The school is run inside a practically empty warehouse in Breaux Bridge Louisiana, and advertises itself as a school for low-income, working class black families. Its viral success stories (even featured on the Ellen show) and a 100% graduation rate shed little light on how the school is really run. With about 100 students ranging from kindergarten to 12th grade, T.M Landry is run with almost no teachers, textbooks, and full of abuse, both emotional and physical.

Students have said that they are forced to kneel in front of Mr. Landry, on rice, rocks, or even hot pavement for hours. They are choked, yelled at, and constantly pitted against each other, because, as Mr. Landry put it, it’s how the real world works. It was also reported that he locked a child with autism in a closet.

Mr. Landry was sentenced in 2013 to probation and anger management classes after pleading guilty to charges of battery. He argues that he was never sentenced and that the student’s mother had asked him to beat her child. He also argues that he no longer physically punishes his students.

Landry also refers to himself as a “drill sergeant” and has admitted to asking children to kneel before him, so that they can learn humility.

In addition to the abuse that they endured, the school also falsified almost all applications to colleges. Transcripts reflected classes they didn’t take and praise they didn’t earn and financial aid forms reflected lower income than the family really had. Student Bryson Sassau said that Mr. Landry “was pulling all the information out of thin air.”

In addition to the false transcripts the students were also forced to write essays with fake information containing harmful black stereotypes, all in an effort to appeal to the Ivy League schools looking for diversity. One student’s application even talked about his abusive and alcoholic father who never paid child support and drove him to start a charity organization called Dry House; none of which was true. 

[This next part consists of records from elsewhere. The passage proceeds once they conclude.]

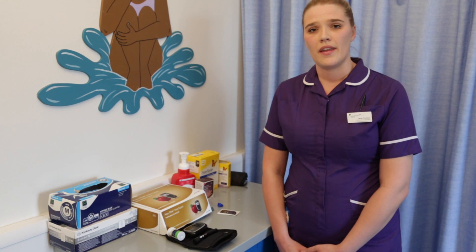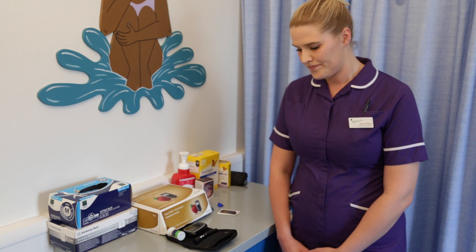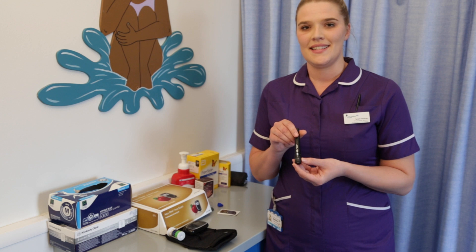First I am going to demonstrate the kit to you and then I will do a demonstration blood glucose check. For this I am using the AccuCheck Expert meter and I am using their FastClicks lancet.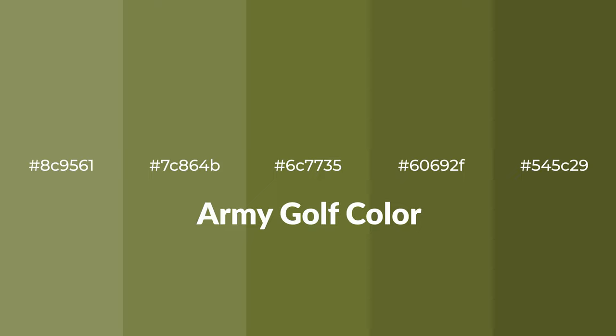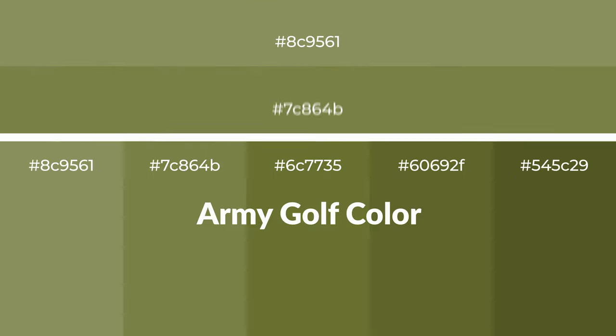Warm shades of army gold color with green hue for your next project. To generate tints of a color, we add white to the color, and tints create light and exquisite emotions.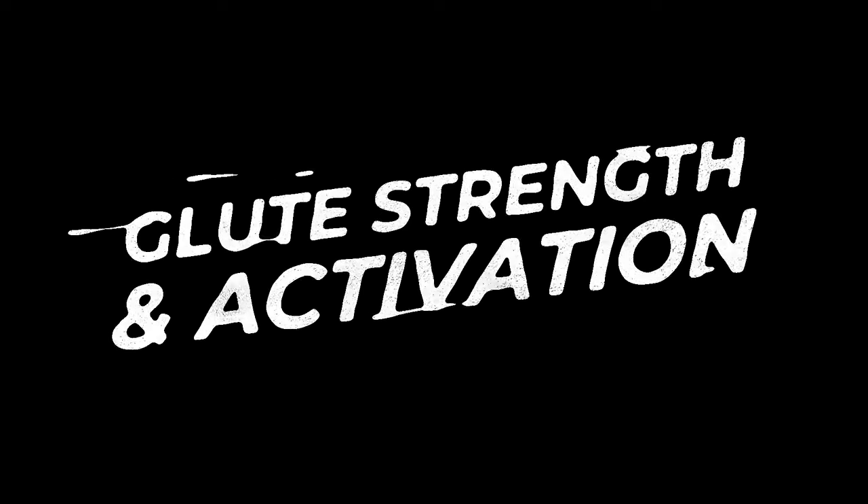What's up, Bronners? Coach Liz here from The Running Experience, bringing you a glute strengthening and activating workout.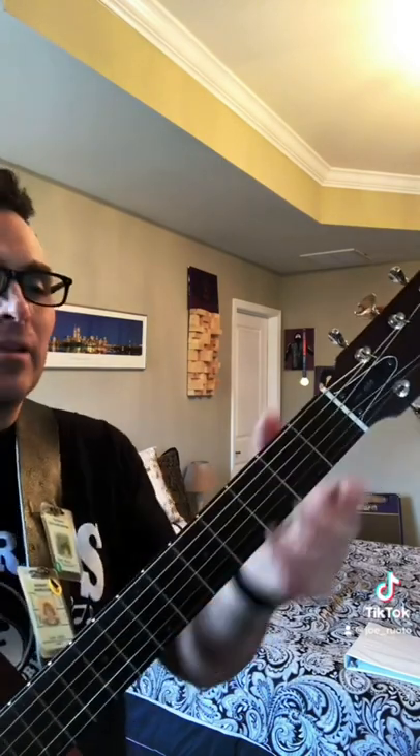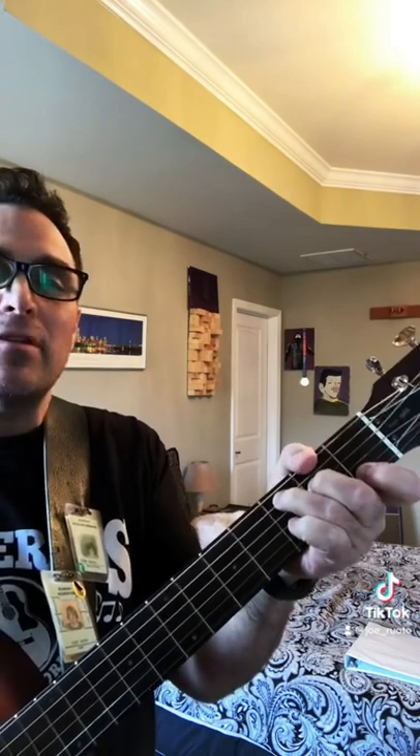And now for muting: play a C chord and gently wrap your thumb around so it's just lightly touching the low E string — and now it's nice and silent.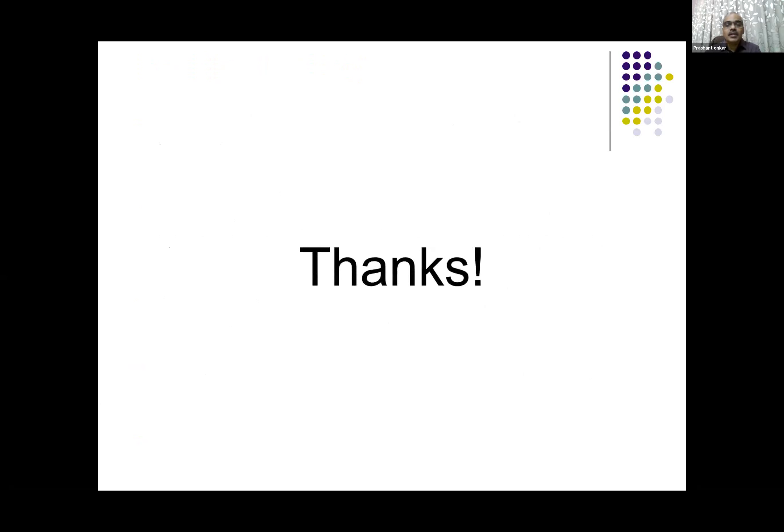Thank you for your patient hearing. I once again thank ICRI for giving this opportunity. Thank you.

However, the false applications did work, but not just to get the students into college, they were also used to keep them out. Mr. Landry would reportedly hold or alter transcripts of students who wanted to transfer schools as a way to force them to stay. One 16 year old student’s transcript showed her birth date as 1969 rather than 2002.

The graduates of TM Landry’s that have gone on to top tier universities might feel the effects the most. Some have left their colleges to attend one closer to home just to find out that their high school diplomas were not accepted, because TM Landry is not an accredited school. 

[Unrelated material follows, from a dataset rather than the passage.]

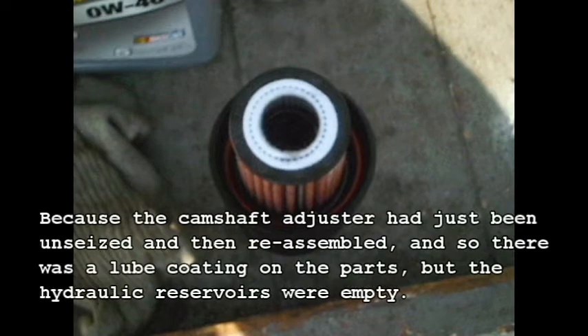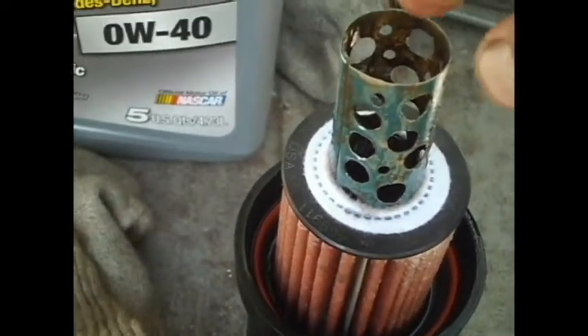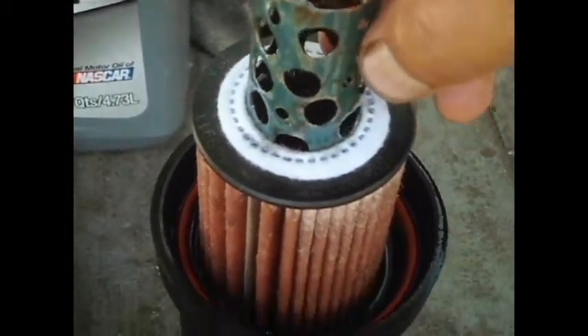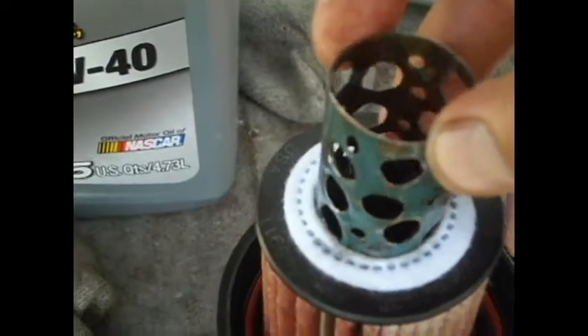I'm prepping to do an oil change because the camshaft adjuster reservoir takes a while for the oil to replenish, so I want to get fresh oil into that right off the bat. It's nearly due anyhow. My arrangement for trying to salvage the oil filter situation was to replace the previous oil filter mounting tube with a homemade metal tube that's perforated. It fits snugly on the inset when you drop it in, however there's some play.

Others have suffered from the way the school was organized: optional attendance to classes and completely student run. Asja Jackson, a graduate of TM Landry went on to Wesleyan University had to drop out because of depression over failing exams and “childish” papers.

Younger students at TM Landry weren’t even required  to do work, some even said their education consisted of learning from Youtube videos and various computer programs. In addition, classes are optional and there were never enough textbooks or teachers, making it hard for students to attend class. One 6 year old student was still unable to read and spent her school days playing with Legos.

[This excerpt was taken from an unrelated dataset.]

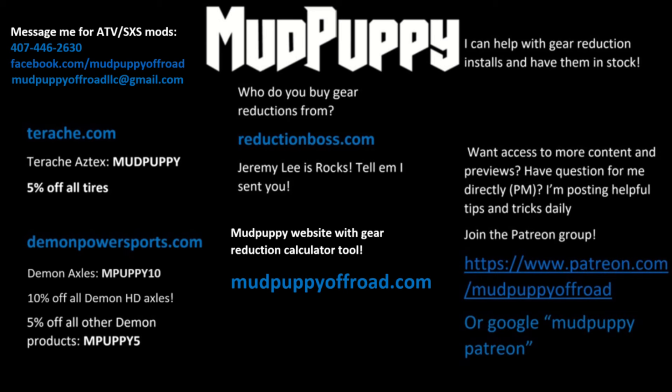Also, this title page behind me has a lot of updates on it. I actually put my cell phone number on here — please don't abuse it with tons of questions, this is mostly for scheduling work. I'm setting up to do a lot more gear reduction installs, modifications, lift kits, whatever you guys need. Hit me up for ATV and side-by-side work. Also, the gear reduction calculator tool for Honda ATVs is on here now, along with new promo codes.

Parent Mr. Broussard said that “the longer these kids stayed there, the further behind they were.” In fact, one junior was so far behind that they had the math and reading level of a fourth grader.

As for the high school students, their days are filled with ACT prep. Students would take practice test after practice test instead of attending real classes. Bryson Sassau said that when he went to college he quickly learned that “if it wasn’t on the ACT, I didn’t know it.”

To maintain their reputation, the Landrys paraded camera crews around the school, recruited high performing students from other schools, and forced the students to rehearse and stage exactly what was to be said to the visitors. The dozens of college acceptance videos the school produced became a promotional technique instead of a celebration of the actual successes of their students.

It is easy to see why the families fell for it, though. In a town with 22% of its population living in poverty and only 15% with a college degree, a ‘miracle school’ can seem like the only way out. The tuition costs up to $725 a month, and around $7,200 annually. It’s not ‘cheap’ and the school structure has forced some parents to pay for private tutors so their children can catch up.

TM Landry’s future plans include opening another school just 45 minutes away. One parent explained her frustration at such plans by saying, “How do you look your son in the face every day and tell him that this person is going to get what’s coming to him, or he’s going to get his punishment, when every other day you see something else that this person is doing, or they’re on to another school, or he’s on TV?”